Foxcatcher

The characters of “Foxcatcher” act as a somewhat grotesque portrait of America. Channing Tatum plays a hulking, brutish mass who is really just a lost puppy looking to please. Mark Ruffalo plays a compassionate, tender and measured leader for which things don’t go as planned. And Steve Carell, in a villainous, sinister turn, is transformed into a wealthy, privileged and cold man of delusion.

That director Bennett Miller (“Capote”, “Moneyball”) has packaged them all into a tense, skin crawling thriller and sports movie says something about how rooted American culture is in these institutions.

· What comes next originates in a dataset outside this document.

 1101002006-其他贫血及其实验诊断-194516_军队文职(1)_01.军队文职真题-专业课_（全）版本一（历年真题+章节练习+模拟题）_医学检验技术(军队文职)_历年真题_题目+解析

“Foxcatcher” tells the story of Mark Schultz (Tatum), an Olympic Gold Medalist in the 1984 Olympics for wrestling. Three years later, he’s poor, pathetic and miserable. Living alone in a dirty apartment, he eats ramen noodles while his gold medal sits idly on a rickety shelf. He drives a junker of a car to an elementary school to speak on why his medal is an important symbol for America, but the principal cutting his check looks at him with the same blank face as the fourth graders in this half-filled auditorium.

His brother Dave (Ruffalo) is much more successful and famous, despite having won the same medal as Mark. In a hypnotically physical display, Mark and Dave display their brotherly dynamic. As they warm-up and scrimmage, Dave seems to nuzzle his brother’s joints and embrace him lovingly before their wrestling turns aggressive and violent. DP Greig Frazier films in tightly focused long takes that keep the audience in Miller’s chokehold.

But when Mark gets a mysterious phone call presenting him a great training opportunity for the 1988 Olympic games, he’s quicker to leave his present life than his older brother.

The benefactor is John du Pont (Carell), heir to the massive chemical company of the same name with an immensely wealthy estate. Du Pont gives Mark the chance to train at his facilities and lead a team of other wrestlers to go to the World Championship and ’88 Olympics, seducing him with his wealth but also his platitudes of American ideals and greatness. Beneath a demonic prosthetic nose, du Pont breathes heavily, and Carell tempers his words to give every moment a sterile tension.

Mark would go on to win the World Championship, but his complex relationship with du Pont would destroy him. In a striking transition, we see Mark sporting longer, bleached hair closer to du Pont’s style. Mark begins helping du Pont train for 50+ wrestling classes, further deepening du Pont’s delusions. And when Mark gives the team a day off from wrestling, du Pont shatters his spirit with a brisk slap to the face. It’s remarkable to see how this beastly champion falls, getting so bad that Channing Tatum hardly says a word in the film’s last half hour. But he does have one of the film’s most memorable moments, bashing his head into a mirror repeatedly in a violent display of force.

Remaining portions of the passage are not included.